The rated and low idle engine speeds are set with speed setting potentiometers. An optional remote speed trim potentiometer will give ± 6% speed setting adjustment. A capacitor can be used between terminals 15 and 16 to control the amount of time it takes the engine to go from low idle to rated speed. An oil pressure switch is connected between terminals 9 and 10. This switch is normally open. When the engine oil pressure increases to 6.4 ± 2.7 psi (44 ± 19 kPa) the switch closes. This permits the control to accelerate the engine to rated speed. If the oil pressure decreases to 3.9 ± 3.3 psi (27 ± 23 kPa) the control will return the engine to low idle.


ACTUATOR


MAGNETIC PICKUP

The gain and stability protentiometers control the response of the engine to a change in load. The gain potentiometer is used to decrease response time to a minimum. The stability potentiometer is used to get the best speed stability for the gain setting that is used.

A droop potentiometer can be connected between terminals 13, 14 and 15 to control the amount of speed droop. Droop is necessary when paralleling with a utility bus or a unit with a hydra/mechanical governor.

The speed failsafe circuit will return the voltage output of the control to zero if the magnetic pickup signal has a failure. This will cause the actuator to move to the FUEL OFF position. Also the engine will not start if the magnetic pickup signal has a failure.

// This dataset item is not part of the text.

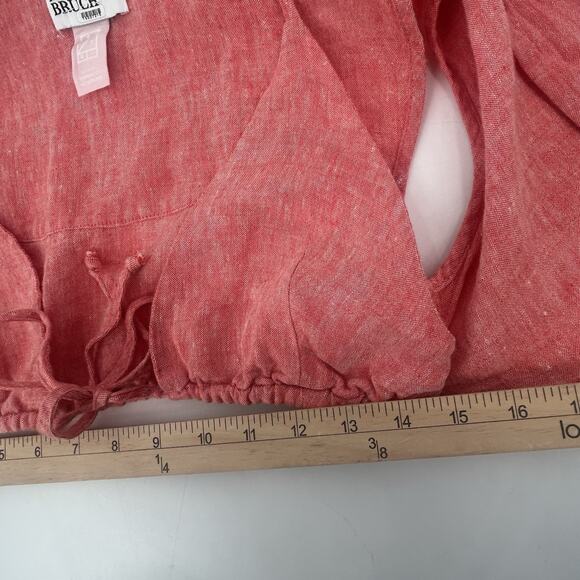 Matthew Bruch Linen Vest Womens 3 Medium Triangle Bikini Top Red Melange Linen - Picture 9 of 15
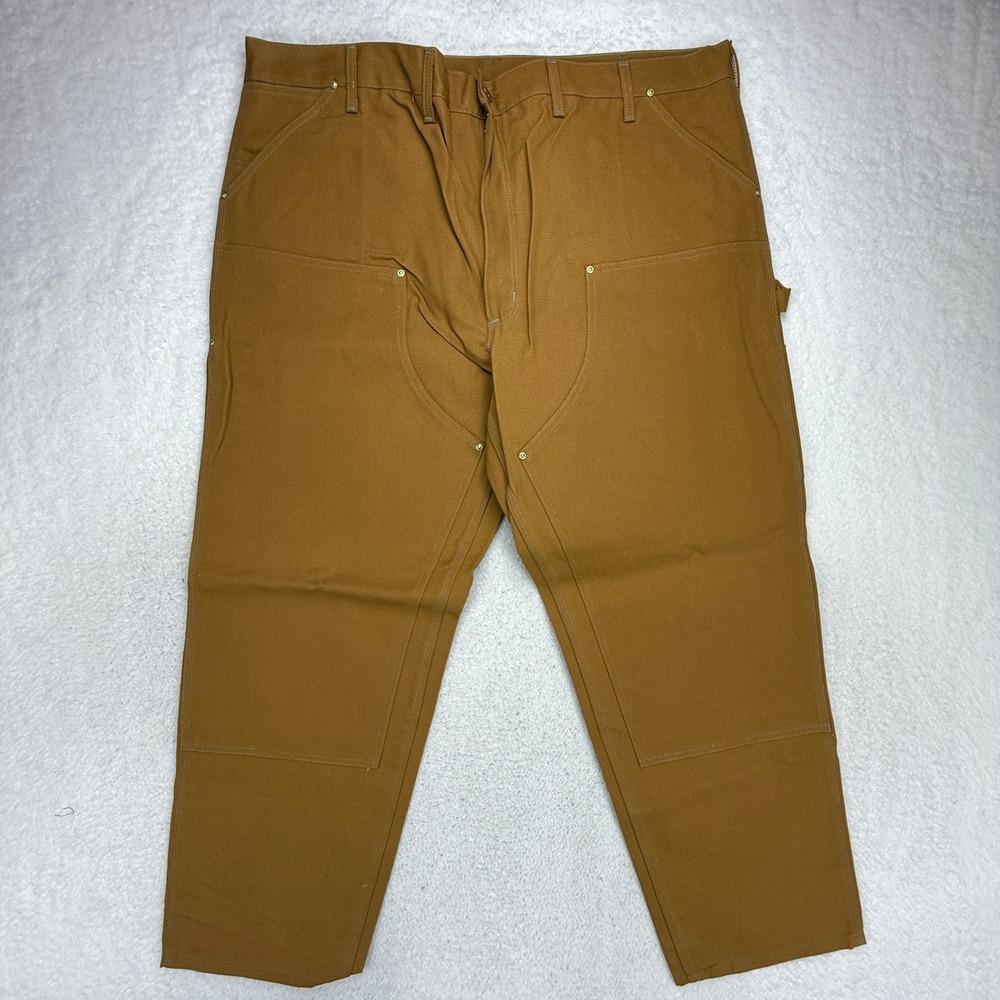 Carhartt 62W Double Front Work Dungaree Brown Duck Pants 48x32 USA NWT NOS - Picture 4 of 6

NOTE: On the 7N182 Control Box the jumper between terminals 3 and 4 must be removed to deactivate the speed failsafe circuit for test purposes. On the 8N408 Control Box a jumper must be added between terminals 3 and 4 to deactivate the failsafe circuit for test purposes.


WIRING DIAGRAM FOR 2301 NONPARALLEL CONTROL BOX

For more information, make reference to Special Instruction Form No. SEHS7367.

2301 Parallel Control System


2301 PARALLEL CONTROL BOX

The 2301 Parallel Control has two functions: exact engine speed control and kilowatt load sharing. The system measures engine speed constantly and makes necessary corrections to the engine fuel setting through an actuator connected to the fuel system.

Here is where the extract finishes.